Yahu adam hakikaten eline dünya haritasını almış, satranç tahtası gibi ulusların kaderiyle oynuyor. Önce Rusya’ya karşı Çin’i yanımıza alalım. Olmadı mı? 50 yıl sonra Çin’e karşı Rusya’yı himaye edelim. Arada sıkıntı çıkaran Üçüncü Dünya ülkelerini de ezip geçelim.
İşte diplomasi dehası dedikleri de bu. Dünya halklarının en büyük kurtarıcısı (!), Avrasya’nın delikanlı emperyalisti olarak tanıtılan Putin de bu yaşlı çakalın teveccühünden medet umar hâle gelmiş.
Neyse hatırlatmadan bitirmeyelim. Kissinger, Tayyip Erdoğan’ın ve AKP’nin de büyük dostuydu. Kissinger ve Ford yönetimi 1974’teki Kıbrıs Barış Harekâtı’ndan sonra Türkiye’ye karşı yıllarca sürecek, acımasız bir ambargo uygulamıştı. Aynı Kissinger, 15 Temmuz 2016’dan hemen sonra, AKP lideri Tayyip Erdoğan’ın en zor günlerinde, Washington’da ağırladı. 19 Eylül 2016 günündeki uzun masa toplantısında, Kissinger’in yanına James Rothschild’i de alıp, karşısına Tayyip’i oturtması, o anı da özellikle fotoğrafa çektirtmesi manidardı. “Cesaretli Yahudi”lerle dolu bu masa… Kayda geçsin istedi belli ki.
Kissinger için daha yazılacak çok şey var ama yerimiz dar.
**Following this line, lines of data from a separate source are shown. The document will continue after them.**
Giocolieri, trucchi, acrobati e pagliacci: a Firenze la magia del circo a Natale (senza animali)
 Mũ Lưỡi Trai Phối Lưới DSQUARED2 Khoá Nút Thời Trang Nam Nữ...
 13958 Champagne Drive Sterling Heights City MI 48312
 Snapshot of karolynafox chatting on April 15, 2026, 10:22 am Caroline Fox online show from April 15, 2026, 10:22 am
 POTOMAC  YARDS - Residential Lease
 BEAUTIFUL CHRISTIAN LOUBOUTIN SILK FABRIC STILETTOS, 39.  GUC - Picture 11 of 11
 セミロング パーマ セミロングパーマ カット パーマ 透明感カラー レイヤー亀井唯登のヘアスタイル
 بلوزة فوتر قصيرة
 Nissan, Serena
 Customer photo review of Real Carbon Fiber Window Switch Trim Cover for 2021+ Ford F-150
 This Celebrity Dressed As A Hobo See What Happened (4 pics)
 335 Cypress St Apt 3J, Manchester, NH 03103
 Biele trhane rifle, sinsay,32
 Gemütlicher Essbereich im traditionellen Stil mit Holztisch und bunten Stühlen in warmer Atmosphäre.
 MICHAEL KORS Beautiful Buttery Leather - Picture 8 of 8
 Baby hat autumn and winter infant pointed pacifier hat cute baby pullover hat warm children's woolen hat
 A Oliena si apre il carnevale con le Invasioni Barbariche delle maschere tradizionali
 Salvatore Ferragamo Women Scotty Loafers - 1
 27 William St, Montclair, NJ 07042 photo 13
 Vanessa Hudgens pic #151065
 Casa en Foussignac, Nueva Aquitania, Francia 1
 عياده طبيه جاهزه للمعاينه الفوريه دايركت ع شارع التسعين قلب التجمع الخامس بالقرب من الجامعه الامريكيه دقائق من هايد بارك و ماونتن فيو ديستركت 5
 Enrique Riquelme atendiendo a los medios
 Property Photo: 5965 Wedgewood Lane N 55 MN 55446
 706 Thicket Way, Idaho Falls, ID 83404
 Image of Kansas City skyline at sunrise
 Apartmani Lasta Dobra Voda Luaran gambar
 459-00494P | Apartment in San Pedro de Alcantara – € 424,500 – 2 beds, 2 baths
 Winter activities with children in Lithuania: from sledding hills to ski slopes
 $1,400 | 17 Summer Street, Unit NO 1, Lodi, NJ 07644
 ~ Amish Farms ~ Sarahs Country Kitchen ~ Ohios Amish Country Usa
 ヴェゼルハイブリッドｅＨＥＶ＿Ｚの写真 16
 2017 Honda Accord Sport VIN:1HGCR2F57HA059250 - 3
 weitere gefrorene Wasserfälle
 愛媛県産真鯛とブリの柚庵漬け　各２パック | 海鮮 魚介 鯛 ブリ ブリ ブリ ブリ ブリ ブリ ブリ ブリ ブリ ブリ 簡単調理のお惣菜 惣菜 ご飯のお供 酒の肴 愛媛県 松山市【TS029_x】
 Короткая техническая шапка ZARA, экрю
Bütün mesai ortaklarının, AKP’lilerin, BOP’çuların, Amerikan uşağı “İslam”cıların, PKK’lıların, sözde solcu özde Kürt şovenisti işbirlikçilerin, başı sağ (!) olsun.
“Geberdi” diye tweet atan Aktroller, reisinizi kızdırmayın. Adamın acısı var.